(INFORMATION SUPPLIED)
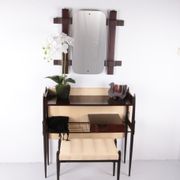 Ico Parisi Wall unit with mirror and stool 1950 Italy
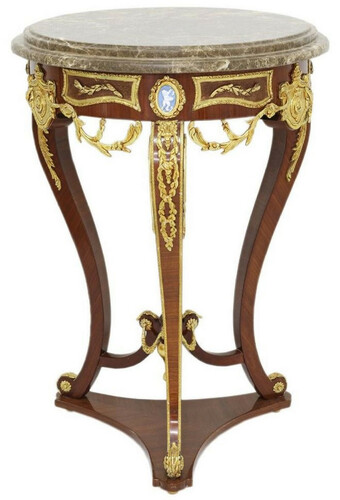 Casa Padrino Barock Beistelltisch Braun / Gold / Grau  55 x H. 78 cm - Runder Massivholz Tisch im Barockstil - Barock Wohnzimmer M�bel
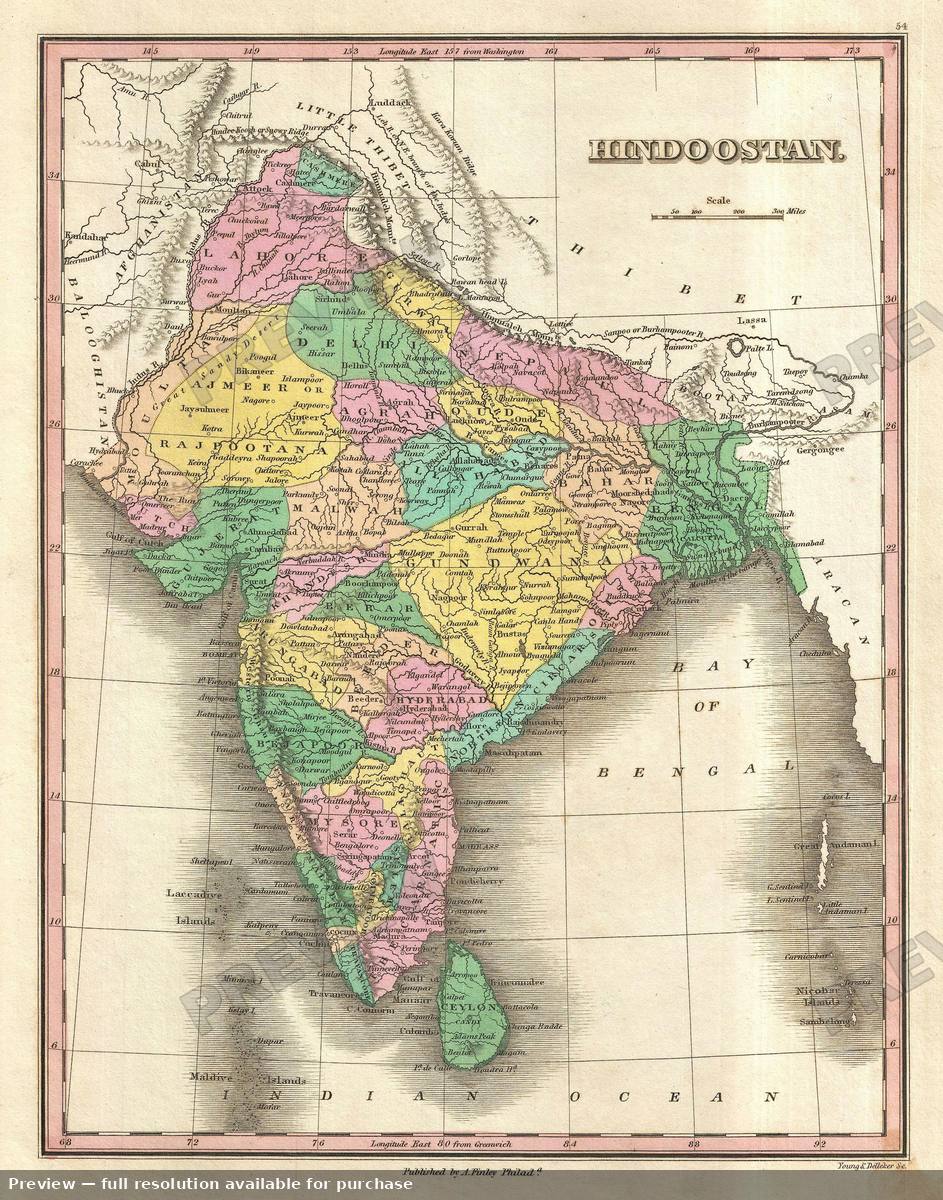 Antique map: Hindoostan, 1827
(End INFORMATION SUPPLIED)
▶ **PROBLEM DETAILS**
What you give back must match the material above exactly, minus its pictures.

▶ **ANSWER BELOW**
 Ico Parisi Wall unit with mirror and stool 1950 Italy
 Casa Padrino Barock Beistelltisch Braun / Gold / Grau  55 x H. 78 cm - Runder Massivholz Tisch im Barockstil - Barock Wohnzimmer M�bel
 Antique map: Hindoostan, 1827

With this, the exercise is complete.